Just about a month away now from the launch of I Am a Brave Bridge, my memoir with recipes of my year in Slovakia 1993–1994, I thought it was time to give a little love to an unjustly neglected cuisine at the four corners of a defunct empire.
The Cooking of Vienna’s Empire is how the Time-Life “Foods of the World” characterizes it and accordingly entitles that entry in the renowned series. I imagine the Hungarian half of the Austro-Hungarian Empire would be rather irritated by their absence from this name, but as usual, Slovaks have more cause to complain: author Joseph Wechsberg fails to include a single recipe attributed to Slovakia (even “Liptauer Cheese,” the German name for a spread from the Liptov region of Slovakia), presumably assuming—as Czechs are wont to do—that Slovak is a subset of Czech.
For all that, it’s a marvelous cookbook and a good place to start if, as is generally the case in the English-speaking world, central Europe is kind of a blank on your mental map. Wechsberg will teach you to love kohlrabi in chicken soup and why cold cherry soup is not dessert. You will discover more dumplings than you ever even knew existed (which nevertheless only scratches the surface of the Austro-Hungarian-Czecho-Slovak dumpling pantheon) and not one but two ways to serve carp. Naturally you’ll find a recipe for chicken paprikash and several kinds of goulash (no macaroni here, thank you very much), many ways to serve sauerkraut, many more ways to serve pork, and a startlingly good entry for venison with red currant-cream sauce. But the star of the book is clearly the desserts—as it should be. Pancakes, cookies, tortes, cakes, strudels, doughnuts…! Vienna’s sweet cuisine is probably the best justification for empire that ever existed.

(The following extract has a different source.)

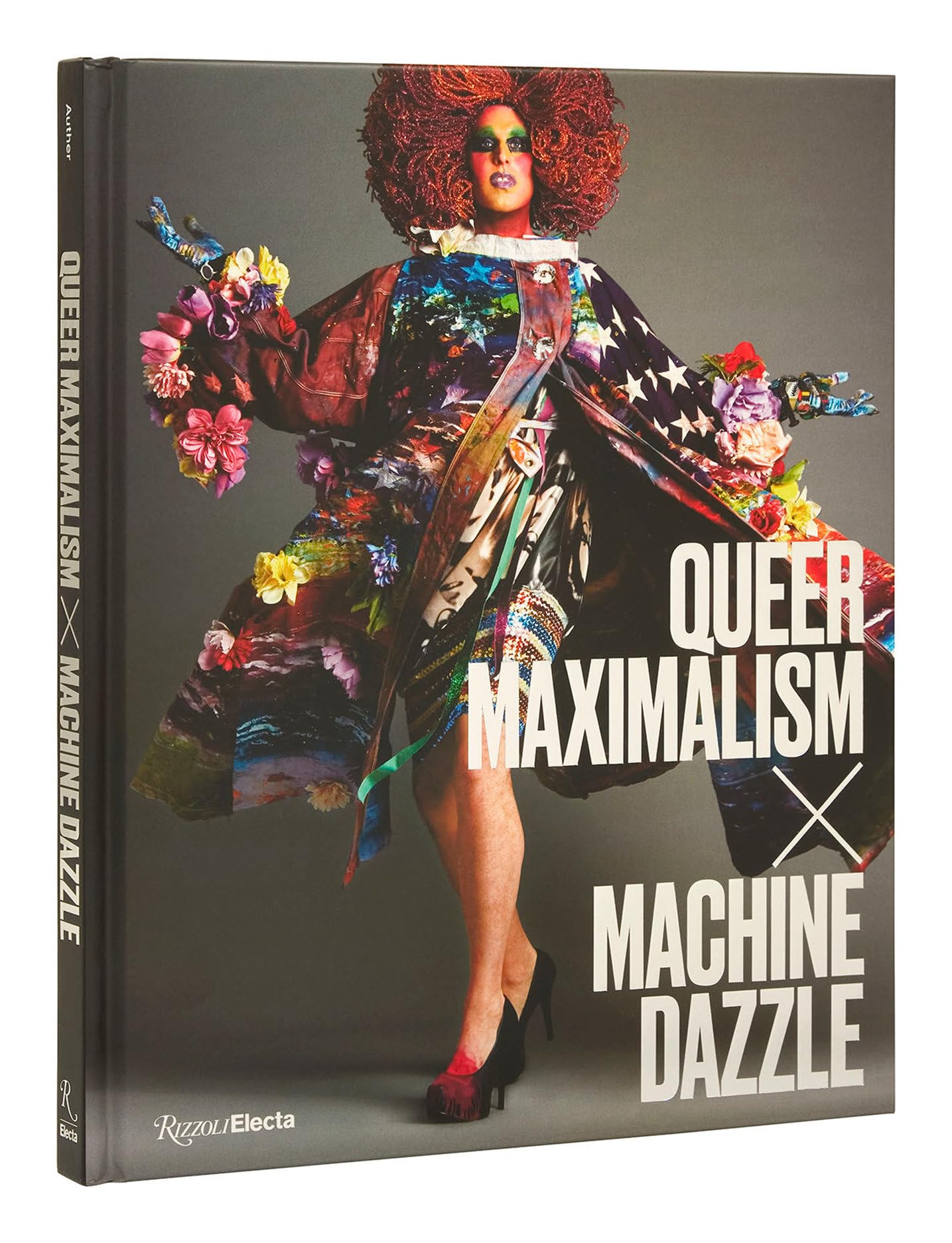 Queer Maximalism x Machine Dazzle Collection - Bold & Vibrant Fashion for LGBTQ+ Pride, Drag Shows & Theatrical Performances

Wechsberg wrote quite a lot of other books, actually, including a memoir entitled Blue Trout and Black Truffles, which delightfully recounts his Czech and Viennese culinary upbringing before segueing into a boilerplate ode to how Paris transformed his tastebuds. I mean, I like eating in France, too, but at this point the theme has been done to death, and no small part of me is irritated at the corresponding neglect of other great cuisines, European and otherwise, and not least of all Austro-Hungarian.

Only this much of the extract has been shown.